The Labour Court remarked that it would recognise AMCU's policies only to the extent that the alleged policy was not contrary to what was set out in its constitution. This notwithstanding, the court was not presented with evidence to demonstrate that such a policy existed. On the contrary, the facts demonstrated that AMCU had adhered to the dictates of its constitution in previous similar circumstances by striping an office bearer of his status following the termination of his employment where the dismissal had not been challenged. There was official correspondence in that instance which indicated that a member in good standing was defined as a member who was not only up to date with their subscriptions, but who was also an employee.

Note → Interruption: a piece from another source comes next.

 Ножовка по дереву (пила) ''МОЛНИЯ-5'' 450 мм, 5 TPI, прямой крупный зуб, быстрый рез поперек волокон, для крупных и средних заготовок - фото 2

The Labour Court could not find any clause in the constitution that permitted an official to be eligible for re-election even after being dismissed by the employer where the dismissal had not been challenged. Based on the above, the Labour Court concluded that the re-election of Mathunjwa in September 2019 was unlawful and had to be set aside.

Weighing the retrospective effect

The Labour Court's final task lay in determining whether such a finding may be given retrospective effect as sought by the applicant. This enquiry required the court to balance the interests of justice, the interests of the individual, and the weight of administrative justice in that the undoing of countless transactions and decisions would have a devastating and unintended negative impact on the continued business and operation of such organisation. Ultimately, because the applicant's dispute only arose following his own removal from office and not when AMCU's president was re-elected, the court found that the interests of justice would be best served through a prospective order.

The matter remains unsettled however, as AMCU's leadership has lodged an application for leave to appeal the decision, thereby suspending the effect of the order that was granted.